Ismail menjelaskan, keputusan tegas terhadap Crowde menjadi bentuk penegakan disiplin terhadap pelaku industri keuangan digital. Langkah ini juga diambil agar tidak muncul potensi kerugian lebih besar yang dapat menimpa masyarakat sebagai pengguna layanan.

“Keputusan ini merupakan bagian dari upaya OJK mewujudkan industri jasa keuangan yang sehat, khususnya fintech peer-to-peer lending yang berintegritas, bertata kelola baik, dan menerapkan manajemen risiko memadai,” tulis Ismail dalam keterangan resminya.

Regulator berharap, pencabutan izin Crowde menjadi pelajaran penting bagi penyelenggara lain untuk terus memperkuat modal usaha, meningkatkan tata kelola, serta mematuhi ketentuan POJK terbaru. Keberlanjutan industri fintech di Indonesia sangat bergantung pada kepatuhan dan kredibilitas setiap pelaku usaha.

Dampak dan Implikasi Bagi Lender dan Borrower

Pasca pencabutan izin, OJK menekankan bahwa lender dan borrower tetap memiliki perlindungan hukum sesuai ketentuan yang berlaku.

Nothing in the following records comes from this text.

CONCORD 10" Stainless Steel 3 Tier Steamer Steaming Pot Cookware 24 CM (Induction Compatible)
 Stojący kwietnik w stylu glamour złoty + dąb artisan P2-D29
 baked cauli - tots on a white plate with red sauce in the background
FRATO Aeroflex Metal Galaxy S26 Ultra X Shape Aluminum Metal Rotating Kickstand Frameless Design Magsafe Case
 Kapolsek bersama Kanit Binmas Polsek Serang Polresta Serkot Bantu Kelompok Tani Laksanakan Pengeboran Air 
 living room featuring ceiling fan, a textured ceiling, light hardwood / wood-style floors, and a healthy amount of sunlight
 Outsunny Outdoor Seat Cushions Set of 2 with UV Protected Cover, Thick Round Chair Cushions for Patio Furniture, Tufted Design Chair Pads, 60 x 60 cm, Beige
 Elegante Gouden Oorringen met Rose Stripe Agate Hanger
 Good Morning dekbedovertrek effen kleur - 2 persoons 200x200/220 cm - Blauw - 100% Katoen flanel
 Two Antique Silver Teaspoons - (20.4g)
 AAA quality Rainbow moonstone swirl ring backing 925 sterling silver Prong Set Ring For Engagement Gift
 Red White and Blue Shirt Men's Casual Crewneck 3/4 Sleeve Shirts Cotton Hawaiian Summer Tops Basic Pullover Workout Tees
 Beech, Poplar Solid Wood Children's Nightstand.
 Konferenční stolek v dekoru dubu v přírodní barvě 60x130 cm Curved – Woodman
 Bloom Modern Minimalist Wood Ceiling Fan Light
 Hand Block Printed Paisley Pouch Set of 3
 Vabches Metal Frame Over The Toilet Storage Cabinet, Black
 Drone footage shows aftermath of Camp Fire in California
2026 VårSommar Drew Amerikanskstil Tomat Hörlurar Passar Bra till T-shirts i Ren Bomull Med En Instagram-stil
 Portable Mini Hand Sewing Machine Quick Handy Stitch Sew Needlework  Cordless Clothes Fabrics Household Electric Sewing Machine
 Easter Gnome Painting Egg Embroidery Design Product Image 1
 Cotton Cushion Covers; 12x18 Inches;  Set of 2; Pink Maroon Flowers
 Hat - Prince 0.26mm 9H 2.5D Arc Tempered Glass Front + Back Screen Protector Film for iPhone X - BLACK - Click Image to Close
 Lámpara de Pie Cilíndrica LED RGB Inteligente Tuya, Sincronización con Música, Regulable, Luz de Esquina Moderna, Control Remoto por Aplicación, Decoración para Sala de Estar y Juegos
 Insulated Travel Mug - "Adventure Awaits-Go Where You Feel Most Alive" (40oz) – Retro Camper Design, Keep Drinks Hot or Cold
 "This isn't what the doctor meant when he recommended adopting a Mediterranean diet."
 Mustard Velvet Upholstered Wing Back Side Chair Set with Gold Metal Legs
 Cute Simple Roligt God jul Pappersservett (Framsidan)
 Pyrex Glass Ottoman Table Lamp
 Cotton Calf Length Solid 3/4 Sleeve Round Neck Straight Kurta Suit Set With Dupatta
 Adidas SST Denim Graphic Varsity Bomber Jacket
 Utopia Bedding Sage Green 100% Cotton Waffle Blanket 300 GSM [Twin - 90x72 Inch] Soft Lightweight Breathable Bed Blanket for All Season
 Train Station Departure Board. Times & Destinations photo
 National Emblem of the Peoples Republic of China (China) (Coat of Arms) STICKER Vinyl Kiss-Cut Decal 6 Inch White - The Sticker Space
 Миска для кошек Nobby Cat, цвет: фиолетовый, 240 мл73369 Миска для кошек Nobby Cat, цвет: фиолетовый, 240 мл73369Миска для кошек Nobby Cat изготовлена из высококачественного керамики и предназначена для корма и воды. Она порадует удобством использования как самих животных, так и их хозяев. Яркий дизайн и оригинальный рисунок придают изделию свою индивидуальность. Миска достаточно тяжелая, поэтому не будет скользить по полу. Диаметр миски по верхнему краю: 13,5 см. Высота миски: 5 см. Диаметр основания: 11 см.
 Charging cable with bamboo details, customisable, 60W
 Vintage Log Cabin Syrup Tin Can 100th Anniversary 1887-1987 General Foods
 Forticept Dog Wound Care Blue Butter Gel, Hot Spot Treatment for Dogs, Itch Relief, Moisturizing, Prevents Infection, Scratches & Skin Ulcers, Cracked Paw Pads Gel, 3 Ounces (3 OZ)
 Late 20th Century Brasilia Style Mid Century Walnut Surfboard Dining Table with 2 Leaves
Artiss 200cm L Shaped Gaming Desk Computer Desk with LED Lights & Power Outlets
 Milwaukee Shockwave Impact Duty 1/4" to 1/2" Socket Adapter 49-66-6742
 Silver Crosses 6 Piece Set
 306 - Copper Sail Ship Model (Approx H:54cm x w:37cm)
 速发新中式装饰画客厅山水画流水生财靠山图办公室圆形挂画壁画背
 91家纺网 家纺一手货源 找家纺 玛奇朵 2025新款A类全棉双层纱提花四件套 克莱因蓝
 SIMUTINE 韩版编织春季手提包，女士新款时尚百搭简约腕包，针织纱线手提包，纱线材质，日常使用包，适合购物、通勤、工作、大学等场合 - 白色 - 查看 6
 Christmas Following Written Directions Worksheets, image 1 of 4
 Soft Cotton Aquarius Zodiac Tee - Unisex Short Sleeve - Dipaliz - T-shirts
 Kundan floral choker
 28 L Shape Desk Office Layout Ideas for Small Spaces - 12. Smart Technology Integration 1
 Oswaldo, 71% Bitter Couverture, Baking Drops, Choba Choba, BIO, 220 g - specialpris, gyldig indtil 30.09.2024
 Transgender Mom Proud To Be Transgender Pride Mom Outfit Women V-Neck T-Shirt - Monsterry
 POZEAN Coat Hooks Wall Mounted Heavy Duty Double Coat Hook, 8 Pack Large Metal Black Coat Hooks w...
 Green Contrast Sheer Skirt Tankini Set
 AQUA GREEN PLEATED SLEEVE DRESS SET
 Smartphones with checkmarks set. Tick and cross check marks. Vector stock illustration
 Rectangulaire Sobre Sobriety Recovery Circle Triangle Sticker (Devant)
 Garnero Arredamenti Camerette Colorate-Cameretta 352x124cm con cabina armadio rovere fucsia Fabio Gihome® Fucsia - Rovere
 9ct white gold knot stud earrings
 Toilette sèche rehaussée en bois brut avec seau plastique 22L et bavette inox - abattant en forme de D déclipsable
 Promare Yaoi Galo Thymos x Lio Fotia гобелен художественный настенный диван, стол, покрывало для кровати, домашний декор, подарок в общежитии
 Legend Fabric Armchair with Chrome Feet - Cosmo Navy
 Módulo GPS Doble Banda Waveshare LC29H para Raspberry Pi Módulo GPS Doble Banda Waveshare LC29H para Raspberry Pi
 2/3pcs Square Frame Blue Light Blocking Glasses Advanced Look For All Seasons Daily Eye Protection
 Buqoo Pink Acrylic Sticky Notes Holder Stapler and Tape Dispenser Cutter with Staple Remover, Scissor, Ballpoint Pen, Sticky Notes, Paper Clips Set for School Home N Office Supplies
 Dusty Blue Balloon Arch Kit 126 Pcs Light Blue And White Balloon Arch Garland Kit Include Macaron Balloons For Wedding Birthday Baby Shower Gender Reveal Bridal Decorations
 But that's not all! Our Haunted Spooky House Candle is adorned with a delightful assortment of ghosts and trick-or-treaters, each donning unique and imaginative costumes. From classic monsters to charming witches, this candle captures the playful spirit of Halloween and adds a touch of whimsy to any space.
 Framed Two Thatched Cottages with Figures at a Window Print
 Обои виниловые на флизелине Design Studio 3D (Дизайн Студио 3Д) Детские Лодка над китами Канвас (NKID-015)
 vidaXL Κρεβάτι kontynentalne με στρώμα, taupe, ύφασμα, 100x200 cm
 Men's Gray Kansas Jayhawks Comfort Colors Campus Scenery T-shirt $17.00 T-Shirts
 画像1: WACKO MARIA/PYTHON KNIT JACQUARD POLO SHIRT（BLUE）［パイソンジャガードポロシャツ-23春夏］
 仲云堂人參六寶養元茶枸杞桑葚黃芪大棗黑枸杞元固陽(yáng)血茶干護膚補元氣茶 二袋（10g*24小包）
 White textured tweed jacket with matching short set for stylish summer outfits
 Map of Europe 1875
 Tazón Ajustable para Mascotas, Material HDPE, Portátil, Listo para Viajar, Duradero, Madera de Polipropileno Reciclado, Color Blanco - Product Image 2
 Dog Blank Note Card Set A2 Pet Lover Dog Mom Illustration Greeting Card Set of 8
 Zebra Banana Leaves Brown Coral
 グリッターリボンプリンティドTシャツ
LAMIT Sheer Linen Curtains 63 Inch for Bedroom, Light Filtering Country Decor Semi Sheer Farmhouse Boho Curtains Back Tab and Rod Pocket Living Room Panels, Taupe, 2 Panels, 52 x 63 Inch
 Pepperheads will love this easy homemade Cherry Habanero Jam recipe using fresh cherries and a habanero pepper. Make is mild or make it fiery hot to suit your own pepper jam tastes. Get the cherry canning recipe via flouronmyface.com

Proses penyelesaian hak-hak kedua pihak akan diawasi langsung oleh OJK melalui mekanisme yang telah diatur.

Bagi lender, penyelesaian pinjaman akan tetap dilakukan berdasarkan catatan transaksi dan data yang tersimpan dalam sistem. Sedangkan bagi borrower, kewajiban pembayaran pinjaman tetap harus dipenuhi hingga proses likuidasi selesai.

Dalam konteks lebih luas, langkah ini diharapkan dapat meningkatkan disiplin industri pinjol untuk menjaga transparansi, akuntabilitas, dan keamanan data pengguna. OJK juga mengingatkan agar masyarakat lebih selektif dalam memilih platform fintech yang memiliki izin resmi dan tercatat aktif di otoritas.

Kejadian seperti Crowde menjadi pengingat bahwa perizinan dan pengawasan ketat sangat penting demi menjaga keseimbangan antara inovasi teknologi dan perlindungan konsumen. Dengan begitu, ekosistem fintech di Indonesia bisa terus berkembang dengan lebih sehat dan berkelanjutan.